Margaret: we have new ability to move from data, model, analysis and keep the cycle going. In the past, there was gulf between modelling or observations, we don’t see a divide any more and see people going between the modelling and the data.

Discussion points: We need to consider what is the messages that we want to communicate in our maps – we need to embrace other disciplines in improving communication. We need to implement solutions – how much uncertainty you are willing to accept. Every single map or set of data is open and other people can look and change it – this is a profound change.

The earth system is an interrelated system – but we tend to look at specific variables, but data is coming in different resolutions, and details that make it difficult to integrate. Spatial statistics is the way to carry out such integration, the question is how do we achieve that.

It’s not enough to have data as open but the issue is how to allow people to use it – issues of metadata, making it able to talk with other data sets.
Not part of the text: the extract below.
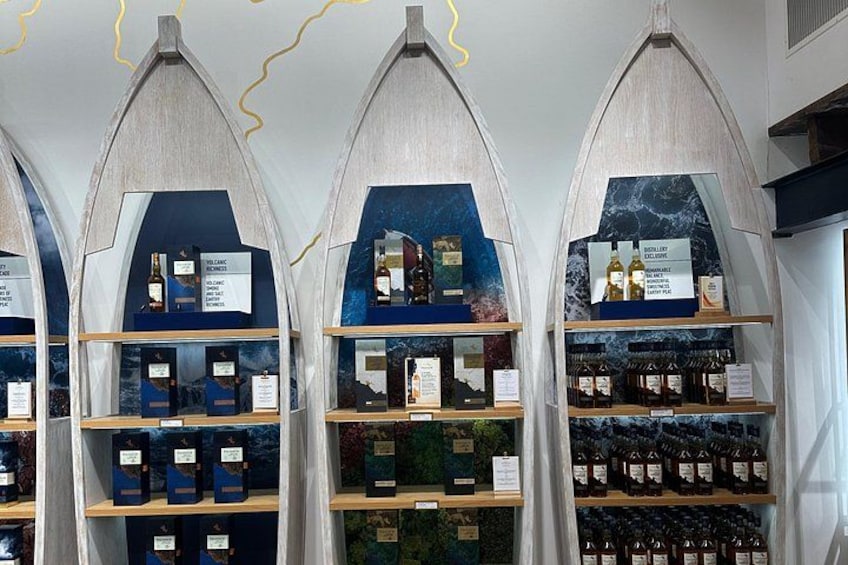 A wine cellar with shelves of bottles and informational plaques. 4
Esri provide a mechanism to share and address the data.

There is uncomfortable relationships between science and policy – the better the models, there is more complex the issue of discussing them with the public. How to translate decimal points to adjectives for policy making. This creates an issue to communicate with the public and policy makers. There is a need to educate scientists to be able to communicate with the wider public.

Another issue of interdisciplinarity – encouraged as graduate, but not when it come to the profession. There are different paths. Once you land a job, it is up to how you behave and perform.

Considering the pathways of integration, the challenge between the modellers and the observationalists. We can think about identifying a path.

Machine learning might need to re-evaluate how we learn and know something. There is also need to think about which statistics we want to use.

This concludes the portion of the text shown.